Hayes is now one of the top-ranking executives at Tyson, filling the position that can be a steppingstone to chief executive officer at many companies. He was named president last week. Donnie Smith, Tyson's CEO, formerly held the title of president. Smith remains the company's CEO and is on the board of directors.

"Few people enjoy being told what to do, almost everyone enjoys being part of a high-performance team," Hayes said. "When I think about leading, I am constantly thinking about how I like to be led."

After the purchase of Chicago-based Hillshire, Hayes was at the center of combining the two companies. He said his first role as a Tyson employee was to organize the people who would work on turning two distinct companies into one.

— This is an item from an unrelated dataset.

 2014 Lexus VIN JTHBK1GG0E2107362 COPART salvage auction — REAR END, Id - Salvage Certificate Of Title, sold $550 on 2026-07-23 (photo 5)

"Knitting the businesses together without damaging our unique advantages was no small task," Hayes said. "Each company, though different, had equal amounts of pride."

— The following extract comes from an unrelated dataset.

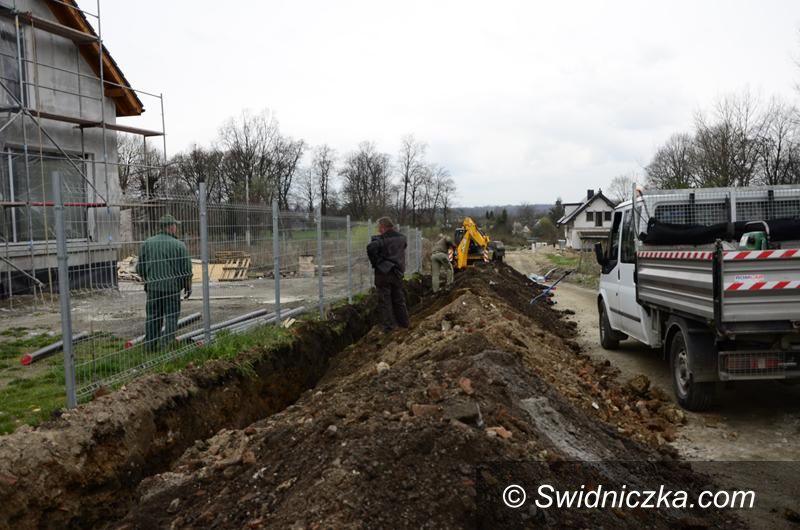 Żarów: Trwa budowa sieci wodociągowej przy ulicy Parkowej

Hillshire is playing a major role in Tyson's efforts to refocus the company around branded products instead of commodities, which are volatile and can change the company's bottom line quarter to quarter.

With Hillshire, Tyson inherited some of the most well-known brands -- including Jimmy Dean, Ball Park, Hillshire Farm and Sara Lee -- along with the challenge of integrating a company with about 9,000 employees and $4 billion in sales. Hayes, as a former chief supply chain manager, was tapped to be one of the major players in Tyson's new and growing branded-products sector.

"At Hillshire Brands, I led our operations and supply-chain teams -- so it was a natural fit for me to lead this early on," he said. "Very quickly my attention turned to combining the food-service teams since I was appointed president of our food-service group shortly after we kicked off the integration."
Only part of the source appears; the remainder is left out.